ISLAMABAD   -   The Islamabad High Court (IHC) Monday deferred hearing in identical petitions challenging vires of the    Prevention of Electronic Crimes (Amendment) Ordinance, 2022.A single bench comprising Chief Justice of IHC   Athar Minallah conducted a hearing of the petitions,  filed by Pakistan Federal Union of Journalists (PFUJ), Pakistan Broadcasters Association, Council of Pakistan Newspaper Editors (CPNE), Pakistan People’s Party (PPP) leader Farhatullah Babar and others,  challenging the recently promulgated Prevention of Electronic Crimes (Amendment) Ordinance, 2022.

However, the bench adjourned the hearing due to the non-availability of Attorney General for Pakistan (AGP). During the hearing, deputy attorney general informed the court that the AGP could not appear before the bench due to his engagement at the Supreme Court. At this, the judge said that the AG should appoint someone to appear before the court on his behalf on the next hearing if he is busy. Later, the court adjourned the hearing till March 25.

Previously, the bench had summoned the Attorney General for Pakistan (AGP) to appear before the court in person in this matter.

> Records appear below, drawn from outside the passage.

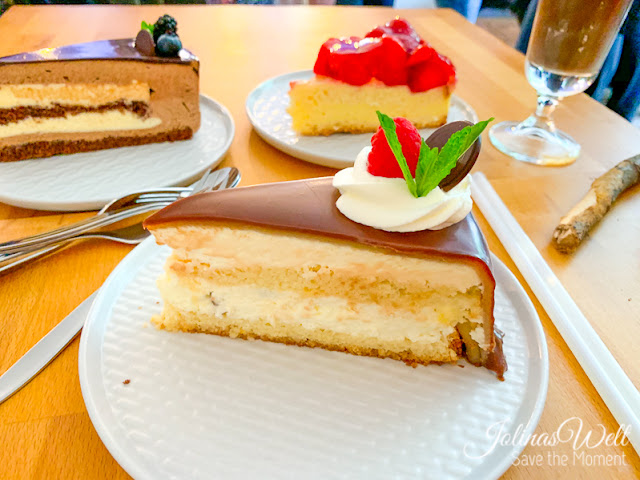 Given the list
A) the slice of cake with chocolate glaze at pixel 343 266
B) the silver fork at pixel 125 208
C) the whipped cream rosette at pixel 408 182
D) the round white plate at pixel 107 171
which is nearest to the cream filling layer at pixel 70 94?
the round white plate at pixel 107 171

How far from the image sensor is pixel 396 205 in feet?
3.59

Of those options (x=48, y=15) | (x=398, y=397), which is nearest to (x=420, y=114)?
(x=398, y=397)

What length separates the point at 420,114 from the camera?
2.23 meters

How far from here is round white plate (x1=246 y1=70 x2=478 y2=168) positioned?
1872 millimetres

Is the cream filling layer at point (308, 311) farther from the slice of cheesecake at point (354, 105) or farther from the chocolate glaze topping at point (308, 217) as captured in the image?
the slice of cheesecake at point (354, 105)

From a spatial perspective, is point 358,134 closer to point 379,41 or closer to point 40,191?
point 379,41

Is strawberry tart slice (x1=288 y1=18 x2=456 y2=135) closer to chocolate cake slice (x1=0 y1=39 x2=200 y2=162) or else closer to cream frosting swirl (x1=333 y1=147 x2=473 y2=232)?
chocolate cake slice (x1=0 y1=39 x2=200 y2=162)

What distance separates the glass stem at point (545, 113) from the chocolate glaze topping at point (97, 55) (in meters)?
1.55

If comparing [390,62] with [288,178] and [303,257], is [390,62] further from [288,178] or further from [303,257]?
[303,257]

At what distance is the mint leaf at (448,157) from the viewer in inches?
41.7

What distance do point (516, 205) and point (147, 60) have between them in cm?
159

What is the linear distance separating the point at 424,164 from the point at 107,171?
1.27m

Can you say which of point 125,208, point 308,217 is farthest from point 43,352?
point 308,217

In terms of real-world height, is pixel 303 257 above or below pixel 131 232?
above
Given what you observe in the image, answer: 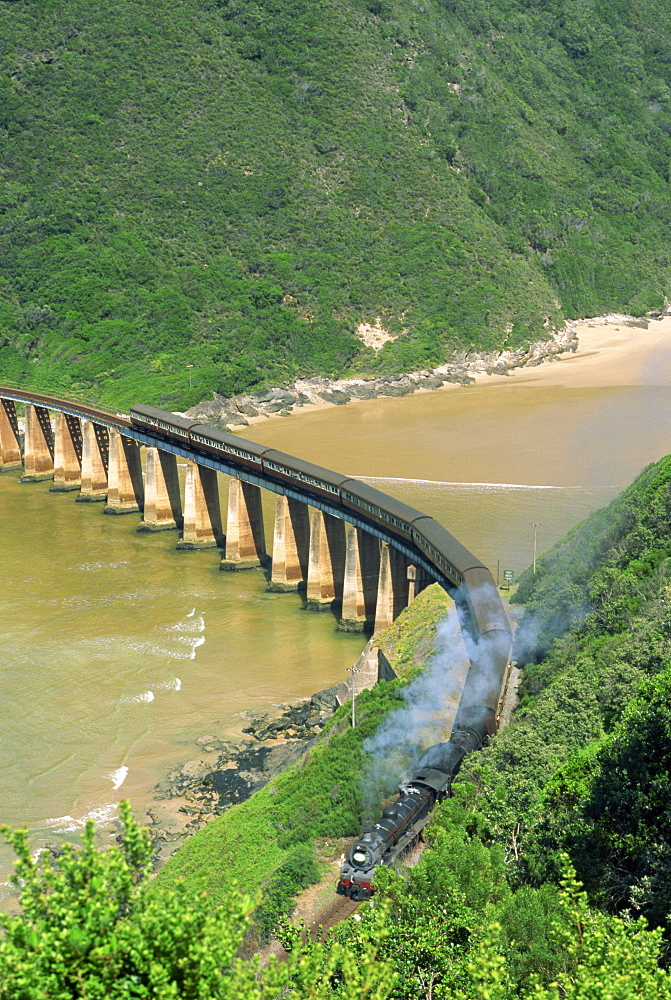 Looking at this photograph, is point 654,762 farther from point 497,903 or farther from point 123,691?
point 123,691

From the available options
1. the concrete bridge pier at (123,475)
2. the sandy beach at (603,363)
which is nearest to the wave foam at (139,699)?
the concrete bridge pier at (123,475)

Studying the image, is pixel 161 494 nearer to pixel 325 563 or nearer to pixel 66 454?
pixel 66 454

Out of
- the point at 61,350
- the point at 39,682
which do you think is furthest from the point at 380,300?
the point at 39,682

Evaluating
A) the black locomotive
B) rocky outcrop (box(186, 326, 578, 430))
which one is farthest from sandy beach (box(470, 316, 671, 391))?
the black locomotive

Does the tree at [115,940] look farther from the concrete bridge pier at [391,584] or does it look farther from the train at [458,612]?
the concrete bridge pier at [391,584]

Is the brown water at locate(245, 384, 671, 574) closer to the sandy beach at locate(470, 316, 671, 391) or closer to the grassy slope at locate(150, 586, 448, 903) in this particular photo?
the sandy beach at locate(470, 316, 671, 391)

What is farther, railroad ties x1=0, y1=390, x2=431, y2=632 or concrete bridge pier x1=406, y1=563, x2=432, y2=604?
railroad ties x1=0, y1=390, x2=431, y2=632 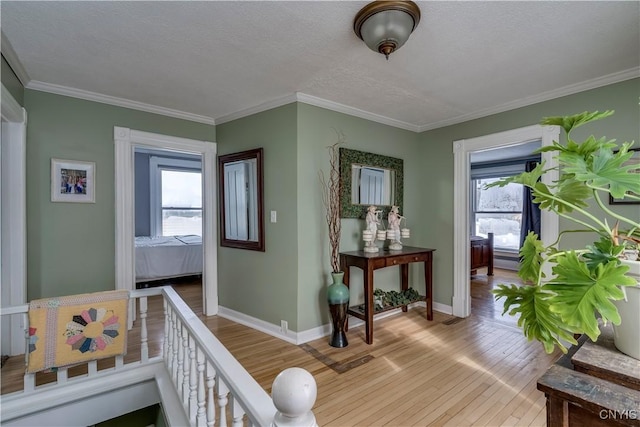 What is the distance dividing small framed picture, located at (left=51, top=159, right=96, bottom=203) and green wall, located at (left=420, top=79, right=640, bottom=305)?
12.2 ft

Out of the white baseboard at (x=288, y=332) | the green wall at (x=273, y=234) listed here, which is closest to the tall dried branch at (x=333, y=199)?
the green wall at (x=273, y=234)

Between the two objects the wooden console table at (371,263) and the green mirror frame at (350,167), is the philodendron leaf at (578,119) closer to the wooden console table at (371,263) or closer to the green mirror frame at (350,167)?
the wooden console table at (371,263)

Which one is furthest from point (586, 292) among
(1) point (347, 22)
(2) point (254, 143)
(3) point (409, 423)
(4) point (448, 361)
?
(2) point (254, 143)

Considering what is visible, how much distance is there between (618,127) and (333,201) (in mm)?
2451

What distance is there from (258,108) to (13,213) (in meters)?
2.25

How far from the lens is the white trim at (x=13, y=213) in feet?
8.21

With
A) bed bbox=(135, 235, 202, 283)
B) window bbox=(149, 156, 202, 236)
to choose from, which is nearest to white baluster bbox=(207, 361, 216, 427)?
bed bbox=(135, 235, 202, 283)

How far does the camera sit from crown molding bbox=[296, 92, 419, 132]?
2975 mm

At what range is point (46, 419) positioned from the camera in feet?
6.54

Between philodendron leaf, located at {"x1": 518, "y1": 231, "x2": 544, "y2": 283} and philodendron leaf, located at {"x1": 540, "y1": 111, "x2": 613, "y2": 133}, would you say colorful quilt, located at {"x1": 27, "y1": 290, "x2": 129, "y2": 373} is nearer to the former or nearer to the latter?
philodendron leaf, located at {"x1": 518, "y1": 231, "x2": 544, "y2": 283}

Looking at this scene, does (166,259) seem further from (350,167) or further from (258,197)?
(350,167)

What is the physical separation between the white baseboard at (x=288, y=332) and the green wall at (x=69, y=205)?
4.14ft

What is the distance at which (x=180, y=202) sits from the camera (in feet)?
22.9

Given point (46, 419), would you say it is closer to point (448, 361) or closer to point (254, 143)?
point (254, 143)
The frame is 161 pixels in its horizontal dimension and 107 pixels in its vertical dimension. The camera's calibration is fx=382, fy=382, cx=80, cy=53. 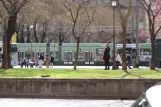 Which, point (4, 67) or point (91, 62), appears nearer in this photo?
point (4, 67)

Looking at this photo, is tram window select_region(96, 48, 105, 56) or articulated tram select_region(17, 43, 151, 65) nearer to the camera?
tram window select_region(96, 48, 105, 56)

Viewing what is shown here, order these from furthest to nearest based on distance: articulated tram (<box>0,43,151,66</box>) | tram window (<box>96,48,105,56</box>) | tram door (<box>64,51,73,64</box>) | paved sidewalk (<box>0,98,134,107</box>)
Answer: tram door (<box>64,51,73,64</box>) < articulated tram (<box>0,43,151,66</box>) < tram window (<box>96,48,105,56</box>) < paved sidewalk (<box>0,98,134,107</box>)

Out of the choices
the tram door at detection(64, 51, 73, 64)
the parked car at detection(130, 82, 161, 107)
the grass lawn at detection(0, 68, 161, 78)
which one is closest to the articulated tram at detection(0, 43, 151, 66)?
the tram door at detection(64, 51, 73, 64)

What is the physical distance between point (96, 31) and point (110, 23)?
10.3 ft

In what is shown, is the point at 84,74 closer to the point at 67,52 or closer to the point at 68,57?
the point at 67,52

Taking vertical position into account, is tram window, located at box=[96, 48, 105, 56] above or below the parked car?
above

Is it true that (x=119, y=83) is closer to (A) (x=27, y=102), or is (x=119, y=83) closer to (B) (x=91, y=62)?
(A) (x=27, y=102)

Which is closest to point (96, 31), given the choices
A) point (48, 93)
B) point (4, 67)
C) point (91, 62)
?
point (91, 62)

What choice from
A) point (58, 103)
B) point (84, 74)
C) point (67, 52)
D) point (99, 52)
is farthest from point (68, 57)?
point (58, 103)

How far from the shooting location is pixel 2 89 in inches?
602

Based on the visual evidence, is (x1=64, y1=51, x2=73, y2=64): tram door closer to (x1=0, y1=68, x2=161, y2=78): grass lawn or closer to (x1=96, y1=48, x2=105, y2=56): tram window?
(x1=96, y1=48, x2=105, y2=56): tram window

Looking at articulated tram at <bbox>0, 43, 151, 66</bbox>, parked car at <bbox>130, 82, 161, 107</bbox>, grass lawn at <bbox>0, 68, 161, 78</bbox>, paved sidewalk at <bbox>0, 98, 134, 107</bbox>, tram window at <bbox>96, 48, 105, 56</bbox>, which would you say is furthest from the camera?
articulated tram at <bbox>0, 43, 151, 66</bbox>

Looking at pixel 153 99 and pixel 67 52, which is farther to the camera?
pixel 67 52

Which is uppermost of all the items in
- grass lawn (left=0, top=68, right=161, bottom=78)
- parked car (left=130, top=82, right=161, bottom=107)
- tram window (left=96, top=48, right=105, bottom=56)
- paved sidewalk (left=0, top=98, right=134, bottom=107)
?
tram window (left=96, top=48, right=105, bottom=56) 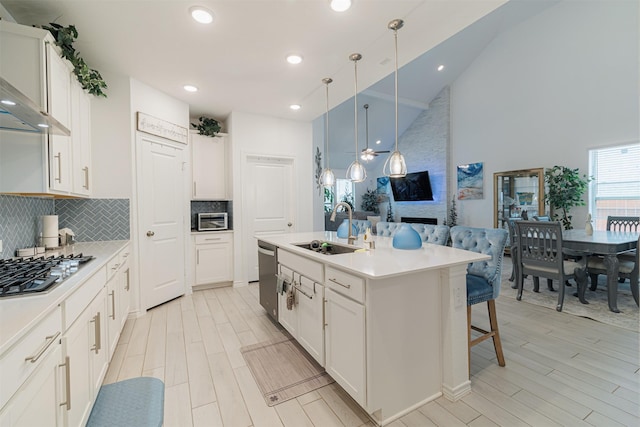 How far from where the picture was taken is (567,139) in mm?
5609

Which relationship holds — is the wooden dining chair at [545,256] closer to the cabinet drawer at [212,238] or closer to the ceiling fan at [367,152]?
the ceiling fan at [367,152]

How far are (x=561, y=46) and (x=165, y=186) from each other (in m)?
7.87

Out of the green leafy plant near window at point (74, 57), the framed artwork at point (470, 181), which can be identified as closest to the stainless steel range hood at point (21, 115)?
the green leafy plant near window at point (74, 57)

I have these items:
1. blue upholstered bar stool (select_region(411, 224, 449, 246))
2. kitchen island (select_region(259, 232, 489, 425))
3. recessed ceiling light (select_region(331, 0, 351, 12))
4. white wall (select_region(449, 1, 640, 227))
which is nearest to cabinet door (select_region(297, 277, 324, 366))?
kitchen island (select_region(259, 232, 489, 425))

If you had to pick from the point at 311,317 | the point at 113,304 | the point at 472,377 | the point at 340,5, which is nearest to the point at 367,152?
the point at 340,5

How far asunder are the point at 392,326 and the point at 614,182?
A: 617 cm

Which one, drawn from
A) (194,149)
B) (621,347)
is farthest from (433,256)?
(194,149)

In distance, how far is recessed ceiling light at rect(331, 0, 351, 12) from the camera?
2037 millimetres

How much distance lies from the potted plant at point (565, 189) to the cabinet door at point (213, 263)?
244 inches

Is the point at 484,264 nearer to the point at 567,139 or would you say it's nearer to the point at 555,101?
the point at 567,139

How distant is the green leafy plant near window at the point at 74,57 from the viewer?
7.10ft

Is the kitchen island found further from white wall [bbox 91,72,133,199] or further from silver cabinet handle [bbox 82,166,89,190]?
white wall [bbox 91,72,133,199]

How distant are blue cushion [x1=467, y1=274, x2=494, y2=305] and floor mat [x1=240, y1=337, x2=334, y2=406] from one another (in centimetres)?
122

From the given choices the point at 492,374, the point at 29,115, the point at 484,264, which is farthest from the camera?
the point at 484,264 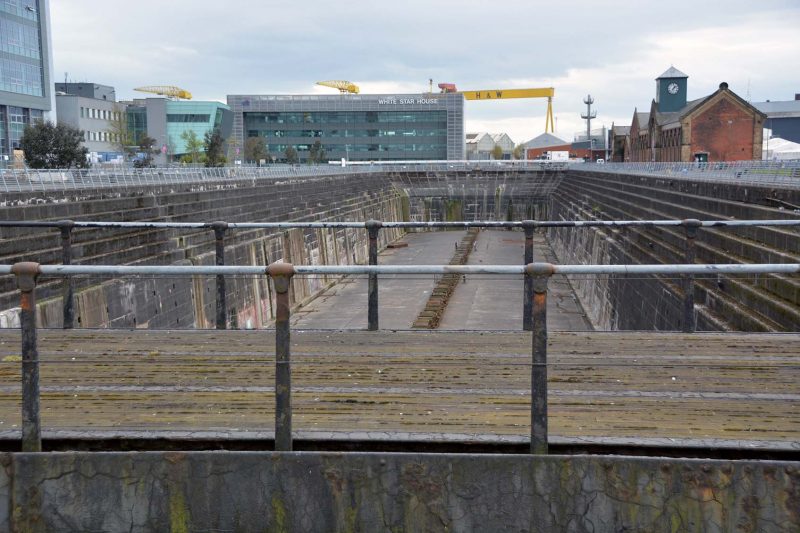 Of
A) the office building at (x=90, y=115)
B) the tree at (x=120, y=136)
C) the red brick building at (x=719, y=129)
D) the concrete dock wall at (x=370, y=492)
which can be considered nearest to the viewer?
the concrete dock wall at (x=370, y=492)

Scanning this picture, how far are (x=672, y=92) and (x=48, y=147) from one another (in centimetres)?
6787

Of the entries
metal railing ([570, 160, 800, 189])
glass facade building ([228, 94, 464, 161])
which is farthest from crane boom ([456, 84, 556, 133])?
metal railing ([570, 160, 800, 189])

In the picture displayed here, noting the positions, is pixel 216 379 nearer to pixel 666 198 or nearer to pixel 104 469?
pixel 104 469

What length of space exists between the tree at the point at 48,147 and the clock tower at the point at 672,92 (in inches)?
2571

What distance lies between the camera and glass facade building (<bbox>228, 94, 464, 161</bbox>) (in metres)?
142

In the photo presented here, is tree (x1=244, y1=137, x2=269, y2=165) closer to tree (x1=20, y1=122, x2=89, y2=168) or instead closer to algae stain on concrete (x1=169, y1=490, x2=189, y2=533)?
tree (x1=20, y1=122, x2=89, y2=168)

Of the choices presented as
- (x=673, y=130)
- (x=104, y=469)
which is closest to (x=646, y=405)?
(x=104, y=469)

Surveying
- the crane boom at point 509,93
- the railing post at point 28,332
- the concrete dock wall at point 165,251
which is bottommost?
the concrete dock wall at point 165,251

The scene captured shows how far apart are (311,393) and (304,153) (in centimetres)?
14013

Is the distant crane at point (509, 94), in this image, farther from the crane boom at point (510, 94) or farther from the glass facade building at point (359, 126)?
the glass facade building at point (359, 126)

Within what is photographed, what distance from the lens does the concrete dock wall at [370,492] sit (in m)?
4.50

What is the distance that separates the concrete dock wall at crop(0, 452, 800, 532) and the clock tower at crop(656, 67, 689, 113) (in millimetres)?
93280

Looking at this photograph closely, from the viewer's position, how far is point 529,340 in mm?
7406

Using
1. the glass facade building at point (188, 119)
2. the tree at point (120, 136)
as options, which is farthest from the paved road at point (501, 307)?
the glass facade building at point (188, 119) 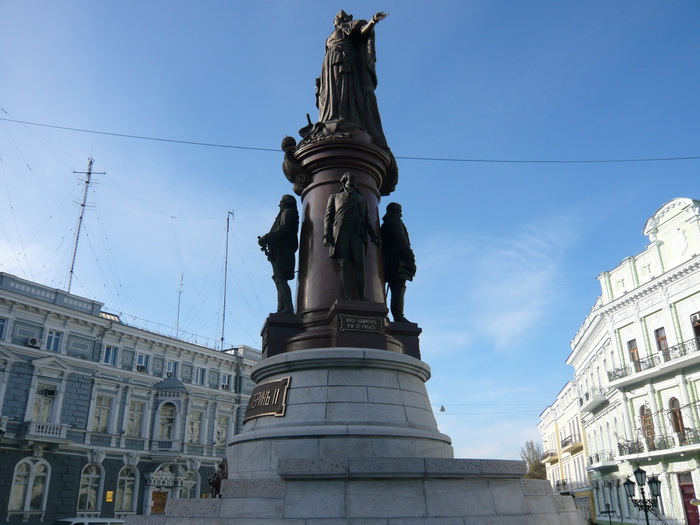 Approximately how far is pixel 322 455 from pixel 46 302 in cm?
3072

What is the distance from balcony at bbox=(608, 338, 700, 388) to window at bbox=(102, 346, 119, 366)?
103ft

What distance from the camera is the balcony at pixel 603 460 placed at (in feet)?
128

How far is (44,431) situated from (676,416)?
34192 millimetres

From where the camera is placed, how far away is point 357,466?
6395mm

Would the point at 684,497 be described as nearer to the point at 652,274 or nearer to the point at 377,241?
the point at 652,274

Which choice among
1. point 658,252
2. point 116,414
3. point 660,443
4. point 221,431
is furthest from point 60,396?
point 658,252

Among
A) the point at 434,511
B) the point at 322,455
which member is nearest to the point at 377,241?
the point at 322,455

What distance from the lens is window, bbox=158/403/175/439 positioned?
38531 millimetres

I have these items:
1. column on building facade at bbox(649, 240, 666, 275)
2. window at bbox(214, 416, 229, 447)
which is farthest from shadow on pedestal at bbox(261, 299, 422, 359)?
window at bbox(214, 416, 229, 447)

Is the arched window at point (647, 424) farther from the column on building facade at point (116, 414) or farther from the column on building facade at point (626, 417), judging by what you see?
the column on building facade at point (116, 414)

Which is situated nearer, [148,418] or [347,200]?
[347,200]

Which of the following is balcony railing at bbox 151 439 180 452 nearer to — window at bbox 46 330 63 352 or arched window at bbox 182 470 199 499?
arched window at bbox 182 470 199 499

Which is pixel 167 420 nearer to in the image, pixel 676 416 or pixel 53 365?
pixel 53 365

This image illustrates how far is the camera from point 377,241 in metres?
10.3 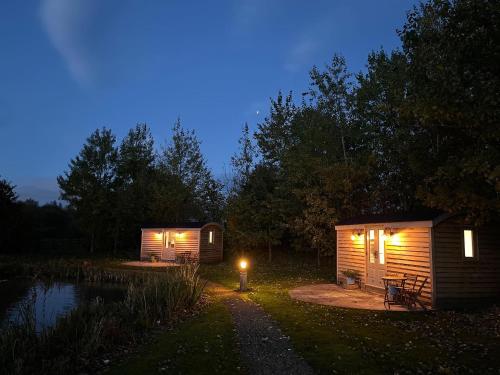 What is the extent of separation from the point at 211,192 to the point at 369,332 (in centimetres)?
3325

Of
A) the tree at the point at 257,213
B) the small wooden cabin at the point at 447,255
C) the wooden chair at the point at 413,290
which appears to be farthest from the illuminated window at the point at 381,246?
the tree at the point at 257,213

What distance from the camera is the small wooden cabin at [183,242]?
2709 centimetres

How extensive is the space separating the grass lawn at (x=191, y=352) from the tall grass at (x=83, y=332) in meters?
0.75

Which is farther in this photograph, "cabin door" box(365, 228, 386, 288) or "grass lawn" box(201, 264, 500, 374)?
"cabin door" box(365, 228, 386, 288)

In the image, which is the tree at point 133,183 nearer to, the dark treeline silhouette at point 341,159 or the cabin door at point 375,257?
the dark treeline silhouette at point 341,159

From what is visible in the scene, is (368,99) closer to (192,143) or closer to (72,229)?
(192,143)

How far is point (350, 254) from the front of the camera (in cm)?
1622

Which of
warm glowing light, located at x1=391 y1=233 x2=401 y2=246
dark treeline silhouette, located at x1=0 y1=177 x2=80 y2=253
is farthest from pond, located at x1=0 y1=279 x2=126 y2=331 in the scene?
dark treeline silhouette, located at x1=0 y1=177 x2=80 y2=253

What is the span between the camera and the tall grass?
21.7 ft

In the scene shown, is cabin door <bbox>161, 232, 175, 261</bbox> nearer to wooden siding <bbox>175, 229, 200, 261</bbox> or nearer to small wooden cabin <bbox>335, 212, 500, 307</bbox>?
wooden siding <bbox>175, 229, 200, 261</bbox>

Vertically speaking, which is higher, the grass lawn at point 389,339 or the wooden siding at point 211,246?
the wooden siding at point 211,246

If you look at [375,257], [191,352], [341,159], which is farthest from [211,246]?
[191,352]

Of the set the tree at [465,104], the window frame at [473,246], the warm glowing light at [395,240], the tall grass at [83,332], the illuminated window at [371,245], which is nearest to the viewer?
the tall grass at [83,332]

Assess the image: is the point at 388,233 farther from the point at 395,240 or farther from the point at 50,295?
the point at 50,295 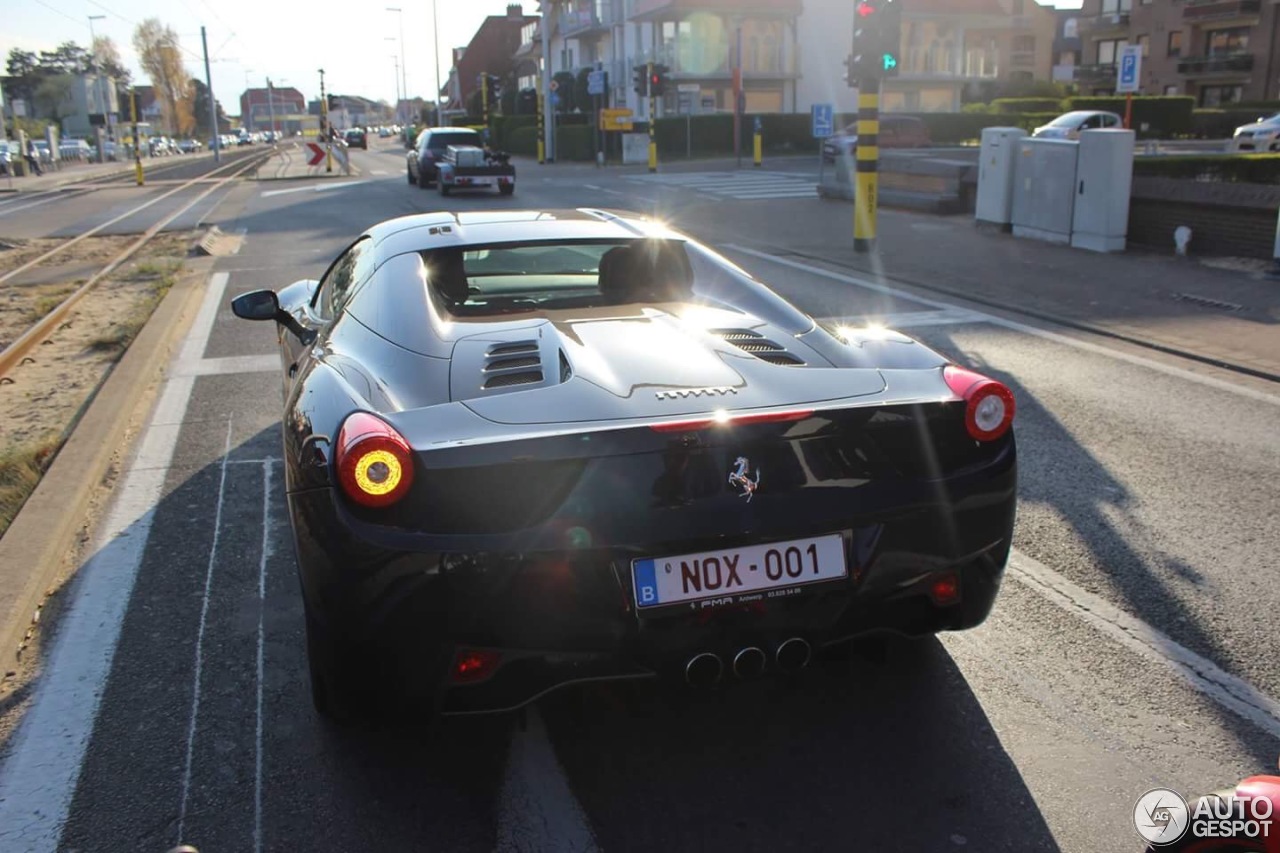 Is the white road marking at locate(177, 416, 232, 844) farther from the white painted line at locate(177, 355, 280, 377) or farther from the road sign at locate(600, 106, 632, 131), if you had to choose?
the road sign at locate(600, 106, 632, 131)

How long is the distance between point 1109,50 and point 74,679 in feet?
262

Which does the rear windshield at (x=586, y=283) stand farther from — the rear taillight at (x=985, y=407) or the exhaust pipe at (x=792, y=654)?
the exhaust pipe at (x=792, y=654)

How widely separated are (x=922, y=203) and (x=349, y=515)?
1874 cm

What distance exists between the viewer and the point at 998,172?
16.5m

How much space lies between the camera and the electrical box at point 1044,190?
49.1 ft

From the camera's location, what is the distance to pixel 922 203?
20.1 metres

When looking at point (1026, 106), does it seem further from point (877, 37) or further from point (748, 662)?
point (748, 662)

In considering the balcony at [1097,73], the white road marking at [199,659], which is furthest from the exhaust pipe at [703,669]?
the balcony at [1097,73]

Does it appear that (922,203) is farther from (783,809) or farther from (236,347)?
(783,809)

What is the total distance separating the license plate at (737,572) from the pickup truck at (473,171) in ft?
81.8

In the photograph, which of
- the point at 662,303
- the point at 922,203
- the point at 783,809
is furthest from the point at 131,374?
the point at 922,203

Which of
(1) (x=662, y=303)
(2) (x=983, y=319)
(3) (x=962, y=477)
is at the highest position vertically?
(1) (x=662, y=303)

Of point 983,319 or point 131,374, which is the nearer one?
point 131,374

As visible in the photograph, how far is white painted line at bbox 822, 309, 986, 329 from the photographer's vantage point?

During the last hearing, the counsel representing Pakistan Broadcasters Association (PBA) and other media bodies informed the court about the impact of the controversial Pakistan Electronic Crimes Act (PECA) Ordinance on the independence of judiciary. Their counsel Muneer A Malik Advocate said that Article 144-A of PECA undermined the independence of the judiciary and the judges. He adopted the stance that the amendment to PECA makes it incumbent upon courts to conclude trials within six months and furnish monthly progress reports of pending trials, and orders federal and provincial officials to remove any obstacles that may hinder the progress of the proceedings.

He further said that the section introduced as 44A (5) is a colourable piece of legislation and shall pressurise the judge and hang as a sword over his independence and would thus be offensive of Article 175 and 10-A of the Constitution. The counsel added that increase in the period of imprisonment from three to five years for disseminating false statements as provided for through the impugned Ordinance is calculated to impose ‘self-censorship’ which impinges the liberty of man and is an affront to human dignity.